• Task requirements
Write out the entries below exactly, but only from the line containing "Let's look at" through the line containing "Thank you for", and without the pictures.

• Recorded data
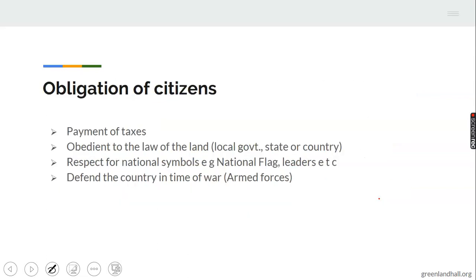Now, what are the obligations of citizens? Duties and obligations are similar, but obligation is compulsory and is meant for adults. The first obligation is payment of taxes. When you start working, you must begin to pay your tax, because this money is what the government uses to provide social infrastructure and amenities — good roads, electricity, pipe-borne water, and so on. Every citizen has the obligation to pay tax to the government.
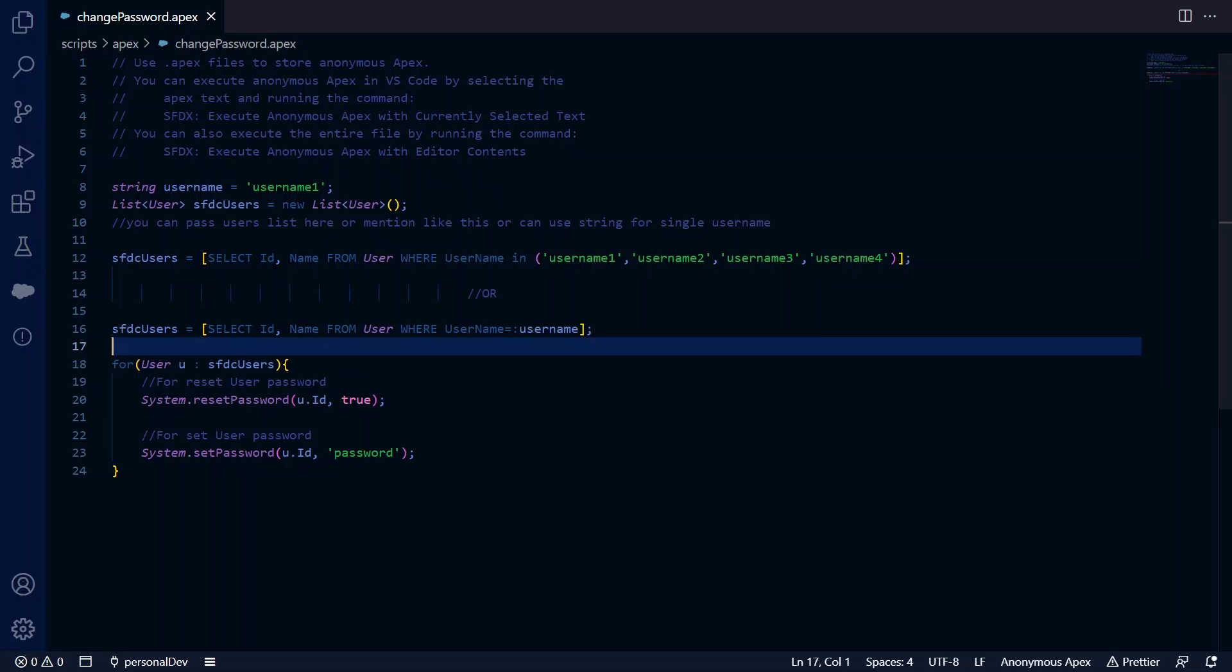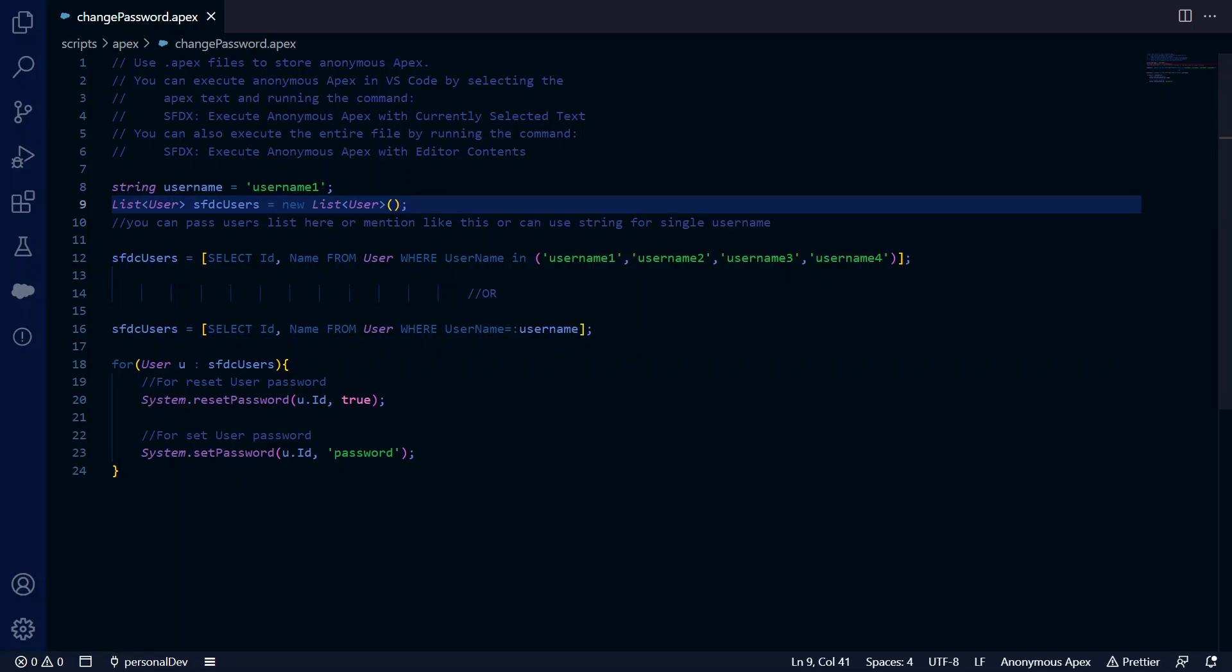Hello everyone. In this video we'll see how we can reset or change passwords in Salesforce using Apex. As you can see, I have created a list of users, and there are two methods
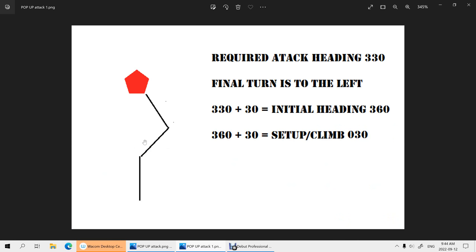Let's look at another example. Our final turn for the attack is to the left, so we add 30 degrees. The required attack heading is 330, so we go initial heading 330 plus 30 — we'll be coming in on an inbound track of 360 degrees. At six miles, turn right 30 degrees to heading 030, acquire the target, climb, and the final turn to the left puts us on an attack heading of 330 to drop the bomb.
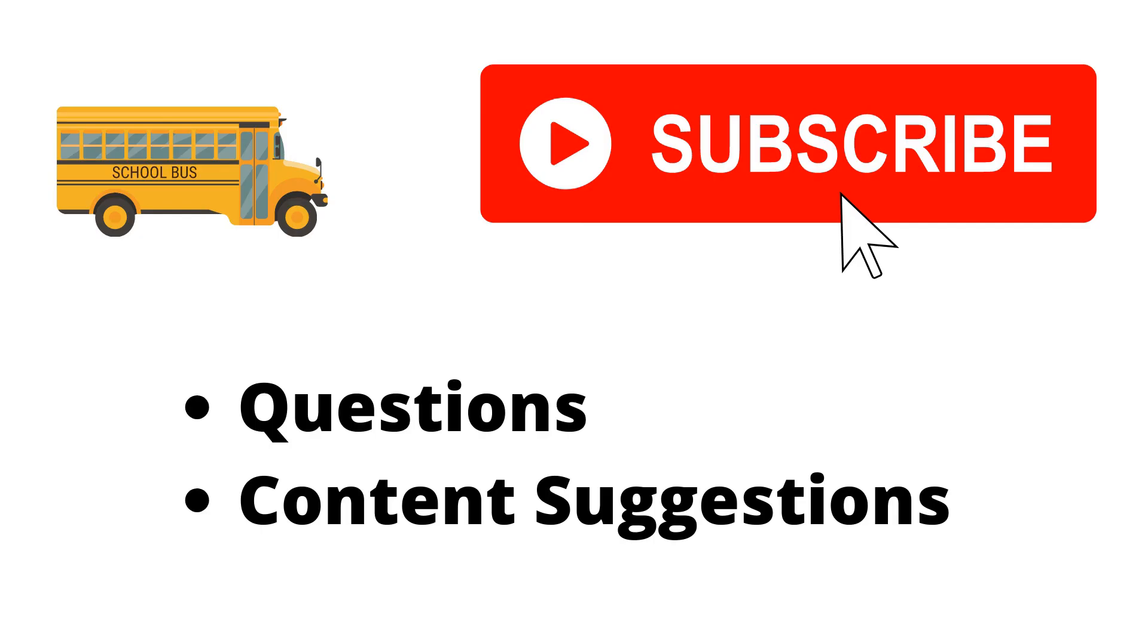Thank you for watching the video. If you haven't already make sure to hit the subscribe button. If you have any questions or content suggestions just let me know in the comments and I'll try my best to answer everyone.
---
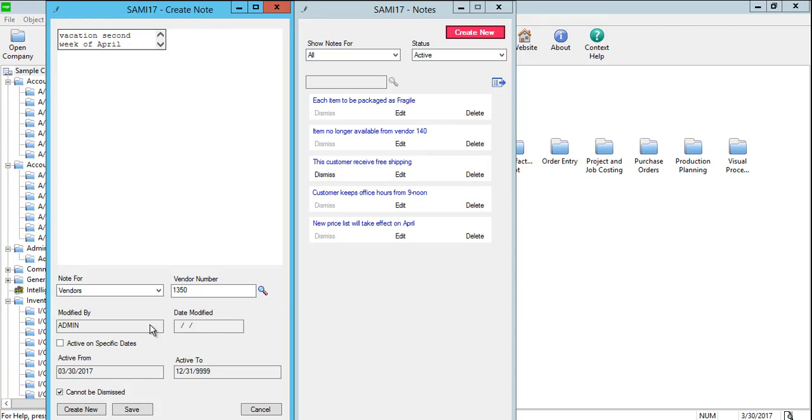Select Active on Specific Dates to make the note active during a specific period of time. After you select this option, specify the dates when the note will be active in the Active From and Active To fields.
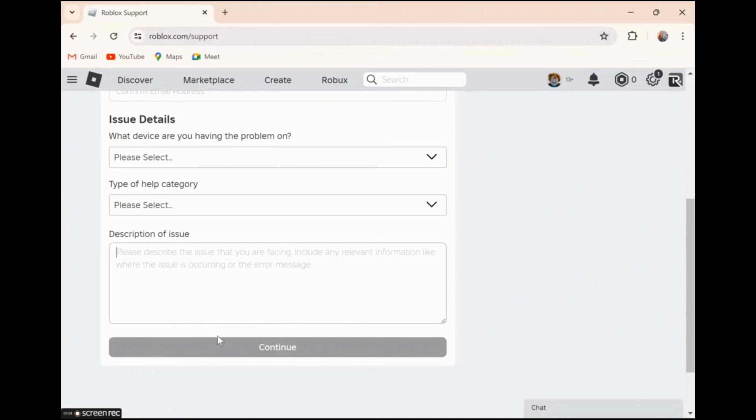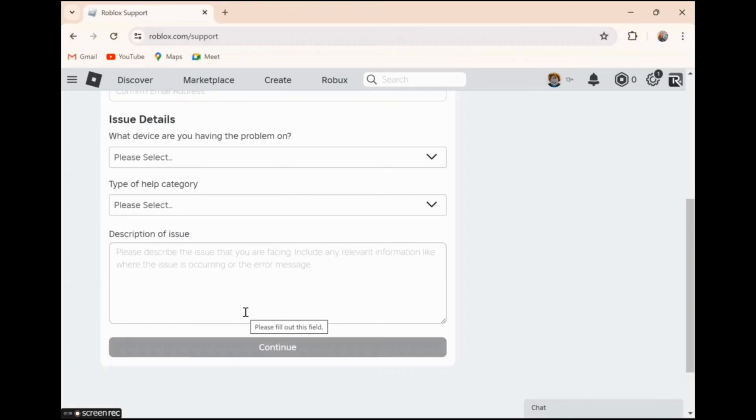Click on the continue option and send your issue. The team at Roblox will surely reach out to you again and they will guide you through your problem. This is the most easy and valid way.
==
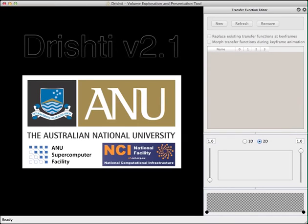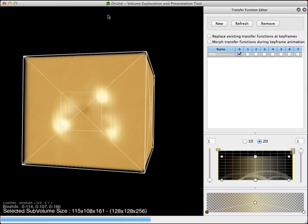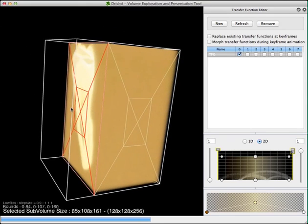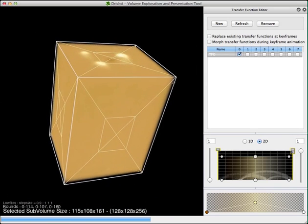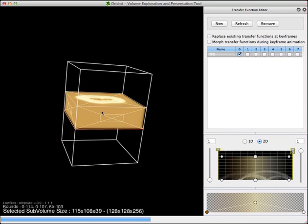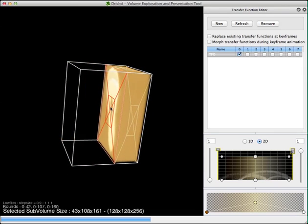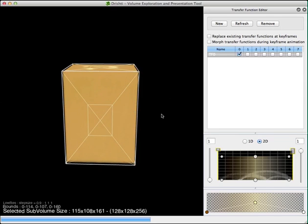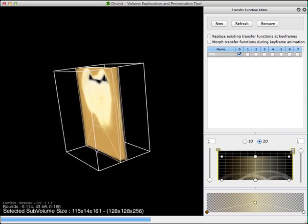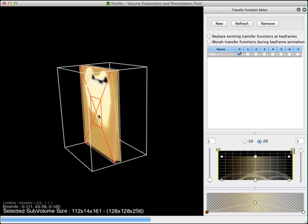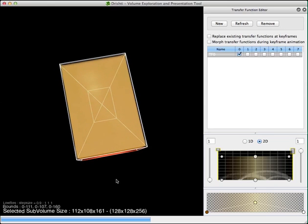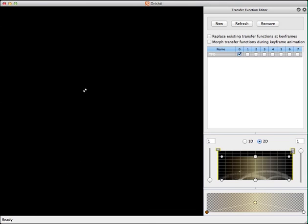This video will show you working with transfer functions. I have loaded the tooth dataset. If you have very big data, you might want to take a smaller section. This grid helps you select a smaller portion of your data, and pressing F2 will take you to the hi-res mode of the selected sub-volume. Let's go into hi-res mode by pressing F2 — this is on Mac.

• Reply
Let's look at another example. Our final turn for the attack is to the left, so we add 30 degrees. The required attack heading is 330, so we go initial heading 330 plus 30 — we'll be coming in on an inbound track of 360 degrees. At six miles, turn right 30 degrees to heading 030, acquire the target, climb, and the final turn to the left puts us on an attack heading of 330 to drop the bomb.
Thank you for watching the video. If you haven't already make sure to hit the subscribe button. If you have any questions or content suggestions just let me know in the comments and I'll try my best to answer everyone.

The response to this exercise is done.